Underneath the round, aluminum base are three set screws. Loosen those and rotate that BOGEN/MANFROTTO had off the threaded tripod mounting stud, which is a 3/8 inch National Coarse thread, if I am not mistaken. It's  a 3/8 inch diameter thread, that much I am sure of. (I happen to own that exact Bogen head.) As far as I know, basically all tripod heads of standard manufacture use the same 3/8 inch diameter thread.


----------



## Big Mike (Nov 25, 2009)

Yup, it's a standard 3/8" threaded connection.  The stud is at the top of the mounting plate on the centre column.  
As mentioned, there may be up to three set screws that might need to be backed out from the underside of the mounting plate.


----------



## KmH (Nov 25, 2009)

You'll need to raise the center column to get to the set screws.


----------



## Skaperen (Nov 27, 2009)

Derrel said:


> Underneath the round, aluminum base are three set screws. Loosen those and rotate that BOGEN/MANFROTTO had off the threaded tripod mounting stud, which is a 3/8 inch National Coarse thread, if I am not mistaken. It's  a 3/8 inch diameter thread, that much I am sure of. (I happen to own that exact Bogen head.) As far as I know, basically all tripod heads of standard manufacture use the same 3/8 inch diameter thread.


OK, now it makes more sense.  With the head off, it actually looks like some of the pictures I have seen of tripods.  I had previously interpreted those pictures as having some kind of "null head" with no movements, but suitable for dead mounting a camera.  But the head mounting screw is larger (good).  What I had done before is effectively disassembled the head itself around the rotator.


----------



## Dwig (Nov 27, 2009)

You'll find that the 3/8" thread is the standard for almost all of the better tripods. The 3/8" thread is sometimes used by large format view cameras and in years past, generally pre-WWII, it was common in European roll film cameras. 

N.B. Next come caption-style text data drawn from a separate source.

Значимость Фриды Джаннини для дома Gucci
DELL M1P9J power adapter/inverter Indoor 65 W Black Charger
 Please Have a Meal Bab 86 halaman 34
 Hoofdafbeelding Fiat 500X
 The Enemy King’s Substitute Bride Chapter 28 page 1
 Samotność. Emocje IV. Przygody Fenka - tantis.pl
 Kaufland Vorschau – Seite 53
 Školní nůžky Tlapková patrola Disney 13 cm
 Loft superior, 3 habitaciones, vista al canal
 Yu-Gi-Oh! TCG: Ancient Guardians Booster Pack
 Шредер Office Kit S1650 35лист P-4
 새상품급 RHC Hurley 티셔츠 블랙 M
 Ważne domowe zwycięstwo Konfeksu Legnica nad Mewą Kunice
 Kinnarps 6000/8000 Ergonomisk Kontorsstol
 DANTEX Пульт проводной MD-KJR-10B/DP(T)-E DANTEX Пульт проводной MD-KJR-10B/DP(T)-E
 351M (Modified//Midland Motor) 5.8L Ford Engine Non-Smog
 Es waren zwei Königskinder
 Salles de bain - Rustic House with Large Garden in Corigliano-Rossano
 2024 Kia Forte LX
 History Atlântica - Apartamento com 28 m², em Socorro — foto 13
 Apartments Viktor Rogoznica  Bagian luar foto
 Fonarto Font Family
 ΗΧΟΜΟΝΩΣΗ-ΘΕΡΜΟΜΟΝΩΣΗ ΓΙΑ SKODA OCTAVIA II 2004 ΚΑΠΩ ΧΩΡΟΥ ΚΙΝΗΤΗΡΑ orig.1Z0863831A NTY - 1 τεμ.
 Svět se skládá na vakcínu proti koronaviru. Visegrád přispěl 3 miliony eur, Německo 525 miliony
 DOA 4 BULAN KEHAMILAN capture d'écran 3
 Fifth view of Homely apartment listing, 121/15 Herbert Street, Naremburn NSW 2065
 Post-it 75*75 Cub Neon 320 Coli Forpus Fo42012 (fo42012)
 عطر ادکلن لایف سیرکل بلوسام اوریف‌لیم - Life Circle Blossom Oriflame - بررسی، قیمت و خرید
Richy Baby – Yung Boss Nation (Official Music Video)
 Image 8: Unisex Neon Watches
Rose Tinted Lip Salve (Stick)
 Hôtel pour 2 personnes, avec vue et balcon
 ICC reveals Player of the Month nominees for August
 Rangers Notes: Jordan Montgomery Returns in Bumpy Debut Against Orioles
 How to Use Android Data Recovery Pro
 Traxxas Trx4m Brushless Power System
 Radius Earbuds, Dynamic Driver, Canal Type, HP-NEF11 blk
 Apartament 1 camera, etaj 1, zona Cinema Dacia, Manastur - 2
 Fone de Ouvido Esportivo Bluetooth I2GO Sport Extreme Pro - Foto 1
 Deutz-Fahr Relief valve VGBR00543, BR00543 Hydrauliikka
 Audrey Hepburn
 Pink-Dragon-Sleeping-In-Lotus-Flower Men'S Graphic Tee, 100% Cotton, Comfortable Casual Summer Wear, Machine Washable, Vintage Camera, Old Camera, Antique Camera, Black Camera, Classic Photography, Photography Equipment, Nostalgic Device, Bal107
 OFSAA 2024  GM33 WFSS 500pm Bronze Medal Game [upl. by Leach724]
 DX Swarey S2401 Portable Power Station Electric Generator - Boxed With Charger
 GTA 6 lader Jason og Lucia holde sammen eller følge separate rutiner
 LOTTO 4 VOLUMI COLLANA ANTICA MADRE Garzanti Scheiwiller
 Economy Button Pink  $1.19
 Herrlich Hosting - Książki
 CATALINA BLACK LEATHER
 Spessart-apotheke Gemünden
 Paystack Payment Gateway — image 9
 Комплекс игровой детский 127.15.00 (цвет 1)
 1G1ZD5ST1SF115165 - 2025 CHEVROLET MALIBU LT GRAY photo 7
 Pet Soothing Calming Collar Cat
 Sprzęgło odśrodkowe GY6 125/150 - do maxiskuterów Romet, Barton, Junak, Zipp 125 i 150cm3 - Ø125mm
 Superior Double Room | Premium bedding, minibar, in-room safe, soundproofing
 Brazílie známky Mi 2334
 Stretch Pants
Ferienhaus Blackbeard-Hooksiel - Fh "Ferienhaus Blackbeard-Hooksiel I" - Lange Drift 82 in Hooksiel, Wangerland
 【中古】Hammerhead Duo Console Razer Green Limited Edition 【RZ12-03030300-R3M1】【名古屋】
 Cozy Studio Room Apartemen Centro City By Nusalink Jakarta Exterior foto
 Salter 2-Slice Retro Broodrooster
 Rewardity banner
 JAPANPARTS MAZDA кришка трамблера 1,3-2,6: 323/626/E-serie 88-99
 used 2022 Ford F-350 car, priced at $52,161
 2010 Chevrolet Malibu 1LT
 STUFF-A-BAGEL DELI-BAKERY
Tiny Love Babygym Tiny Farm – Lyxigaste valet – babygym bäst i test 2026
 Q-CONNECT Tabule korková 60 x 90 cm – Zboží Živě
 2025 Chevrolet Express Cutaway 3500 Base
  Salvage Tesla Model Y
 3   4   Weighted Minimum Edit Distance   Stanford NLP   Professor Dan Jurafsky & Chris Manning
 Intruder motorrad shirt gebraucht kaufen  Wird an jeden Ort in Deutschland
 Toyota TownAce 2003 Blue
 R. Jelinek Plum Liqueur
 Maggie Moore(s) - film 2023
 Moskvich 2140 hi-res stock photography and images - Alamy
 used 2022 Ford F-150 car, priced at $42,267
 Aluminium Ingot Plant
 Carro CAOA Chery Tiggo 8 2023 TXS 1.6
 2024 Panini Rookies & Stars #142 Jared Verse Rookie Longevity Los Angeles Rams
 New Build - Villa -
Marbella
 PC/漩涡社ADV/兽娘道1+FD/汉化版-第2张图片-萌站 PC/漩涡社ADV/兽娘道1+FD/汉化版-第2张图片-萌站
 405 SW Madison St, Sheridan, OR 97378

The 1/4"-20 thread that is today's standard for connecting a camera to a tripod is rarely used to hold heads to legs, though it is occasionally used in smaller table-top tripods.


----------



## Skaperen (Nov 28, 2009)

Anyone know the exact "standard" for these screw mounts ... not just the width, but also the height (shank above the mounting surface), the thread pitch (20 per inch?) and thread depth, with tolerances?


----------



## Skaperen (Nov 28, 2009)

Some web searching has revealed that the thread depth on both the 1/4 inch and 3/8 inch screws is 55 degrees (most screws are 60 degrees).


----------